Danger to the Embassy thus far has been slight as it is located in center of neutral zone recently announced by rebels which is about one mile long north to south and half a mile wide. Rebels have respected this area in air and artillery bombardment to date. As noted in Embassy military reports they appear to be directing their attack toward strategic Government positions in western and northwestern parts of city. While these conditions continue the slight danger to the Embassy and staff from possible misdirected bombs or shells would not appear in itself to justify immediate evacuation. Military Attaché is of the opinion that “the danger to the staff is slight”.
On the basis of the above facts I believe we should remain in Madrid a few days longer until outcome of expected rebel attack is more clearly seen. If it then appears that rebels cannot take city without [Page 771] long struggle and possible siege we could then evacuate before route to coast is cut off and before our food and fuel are exhausted.

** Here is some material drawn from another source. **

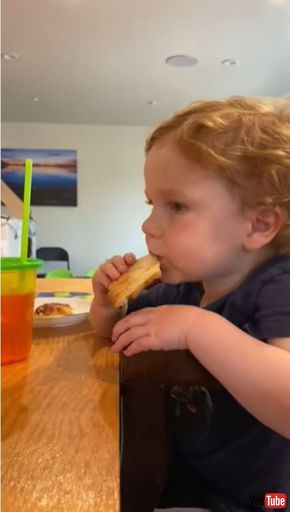 ピザを食べながらウトウトする男の子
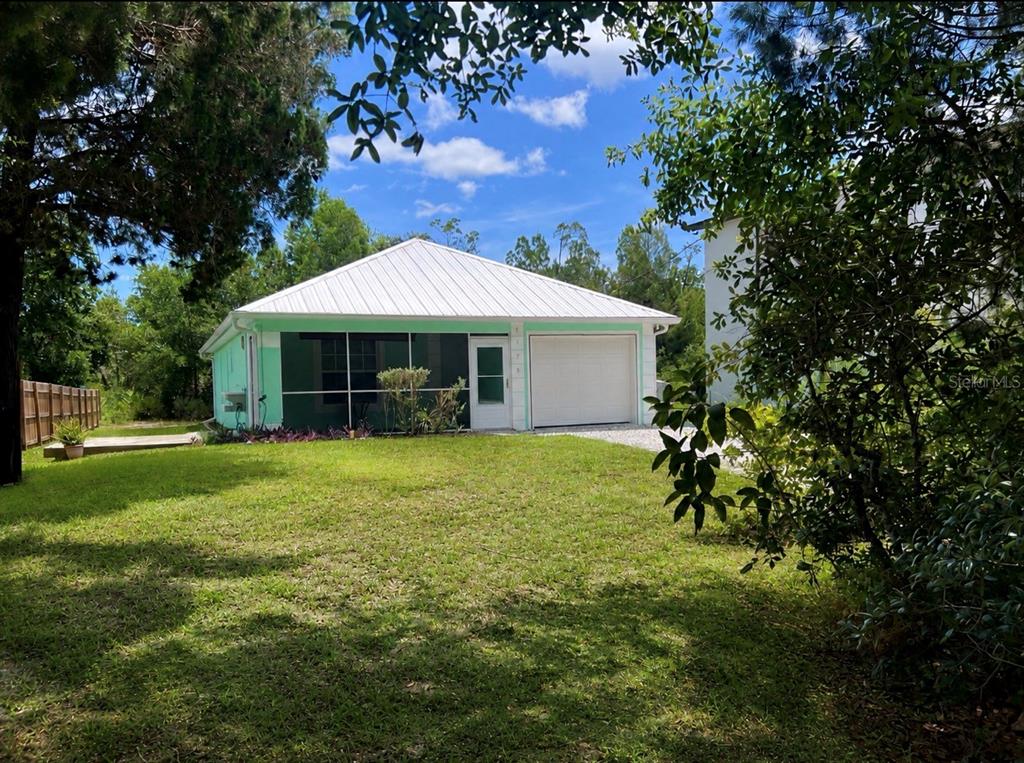 A light green house with a white metal roof, screened porch, and attached garage — 8170 130TH STREET, SEBASTIAN, FL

There are many practical difficulties in regard to evacuation. Means of transportation must be found and I am informed today by military authorities that it is practically impossible to obtain automobiles here. At their suggestion I am endeavoring to get in touch with Minister of State at Valencia to request that he send necessary automobiles to evacuate staff and Americans desiring to leave on day requested by me. In accordance with Department’s instructions by telephone yesterday I shall inform him that in that case I shall remain at Valencia. I am reluctant to use privately owned automobiles now at the Embassy for evacuation as there is no assurance that they will be permitted to proceed to France or remain at Valencia without being seized. I shall request guarantees on this point from Minister of State and if necessary we can evacuate by this means.
There are now in the Embassy 35 continental American citizens including staff, 1 Canadian, 7 Spanish wives and children of American nationals, 1 Italian wife, 14 guards furnished by Spanish Government and 73 Spanish employees, servants and their wives and children. Many of these people have come from areas now under fire and some have had their homes destroyed. If we should evacuate we would be morally obligated to make some provision for sheltering these people until the local situation is cleared. It is doubtful whether any considerable number of American nationals will decide to leave. For this reason more than any other I should prefer to postpone evacuation for a few days in the hope that some final decision may be reached in the struggle for Madrid. If it appears that no immediate decision is likely I believe it would be highly advisable to close the Embassy entirely as the Department originally instructed in its telegram No. 140, September 29, 1 p.m., [apparent omission] those refugees who live in the neutral zone and decline to leave with the staff could return to their homes. For those whose homes have been destroyed or are in dangerous areas we would endeavor to find places of refuge in our own residencies or other places within the safety area, Embassy servants who habitually live on the grounds and the servants of the Ambassador could of course remain there.
The Residencia para Señoritas, two blocks from the Embassy is the property of the International Institute for Girls in Spain, 15 South Portland Avenue, Brooklyn, New York, of which Dr. William A. Neilson, President of Smith College, is President. This building is one of the few in Madrid that has not as yet been taken over for refugees or some other purpose. I have today obtained the assurance of the military authorities that it will not be taken over but will be preserved [Page 772] for our use as possible place of refuge for American nationals. Two guards have been assigned to protect it. This building is thoroughly equipped to take care of 100 people or more if necessary. If the Department approves I would request that Dr. Neilson’s approval be sought to use this building temporarily for American refugees in case the Embassy staff leave and the Embassy is closed. It is my opinion that only by insisting that we may need this building ourselves can its use for other purposes be prevented.
I shall report fully on results of conference with Minister of State and progress of local situation.